Suzanne Hay (1962-2004), artiste allemande installée à Paris, a laissé derrière elle un corpus relativement restreint, près de deux-cent-trente toiles et deux-cents dessins, du fait de son décès précoce. A l’occasion des Vingt ans de la Piscine de Roubaix, le commissaire d’exposition Harald Theil et les équipes de l’institution ont réuni une vingtaine d’œuvres exposées pour la première fois dans un musée. L’ensemble a été puisé dans la succession de l’artiste, emprunté à des collections privées en majorité parisiennes, et complété par trois tableaux en provenance de Berlin et Stuttgart.

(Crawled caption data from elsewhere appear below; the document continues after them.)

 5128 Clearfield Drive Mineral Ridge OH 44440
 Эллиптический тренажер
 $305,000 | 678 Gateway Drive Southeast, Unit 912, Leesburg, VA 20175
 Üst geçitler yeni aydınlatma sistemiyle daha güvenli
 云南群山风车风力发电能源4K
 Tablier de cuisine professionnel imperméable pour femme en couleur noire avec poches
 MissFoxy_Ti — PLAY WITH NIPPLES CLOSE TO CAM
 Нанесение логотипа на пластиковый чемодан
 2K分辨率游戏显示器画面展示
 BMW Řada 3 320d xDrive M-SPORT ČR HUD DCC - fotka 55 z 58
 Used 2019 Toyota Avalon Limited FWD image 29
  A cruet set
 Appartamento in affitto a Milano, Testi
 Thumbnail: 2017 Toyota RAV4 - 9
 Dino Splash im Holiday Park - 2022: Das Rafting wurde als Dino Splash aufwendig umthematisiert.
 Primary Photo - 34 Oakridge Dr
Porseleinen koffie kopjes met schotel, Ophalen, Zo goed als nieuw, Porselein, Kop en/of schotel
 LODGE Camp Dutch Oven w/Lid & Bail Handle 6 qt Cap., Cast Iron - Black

Les toiles, peintures à l’huile de grand format, appartiennent à des séries aquatiques, exécutées in sitù, piscine publique, salle de bain, douche. Associées, elles soulignent la relation particulière de Suzanne Hay à l’eau. Elles évoquent une certaine sensualité, des rites de purification, de régénération mais aussi un sentiment d’isolement bénéfique ou délétère selon les propositions.
L’artiste n’épargne pas ses modèles, ni par les longues et difficiles séances de pose, ni dans le rendu final peu flatteur. De la même façon, dans ses propres autoportraits, elle ne se représente jamais à son avantage. Elle saisit les flottements de l’âme. Les angoisses refluent à la surface de la matière. La nudité convoque une idée de l’innocence retrouvée. Le corps est imparfait mais vibrant, vivant.
Même dans ces lieux ouverts, l’idée d’enfermement qu’elle reprend moins métaphoriquement dans des séries autour de la cave, des tunnels désaffectés, diffuse un sentiment d’étrangeté, de malaise. Les motifs récurrents assument leur ambiguïté. La douleur et le plaisir se ressemblent dans une forme d’ironie radicale, sans morbidité malgré des sujets parfois très âpres. A la frontière des genres, le burlesque flirte avec le drame, la réalité avec la fiction. La vie et la mort se rejoignent dans un agencement savant, maîtrise technique, force suggestive. Trouble.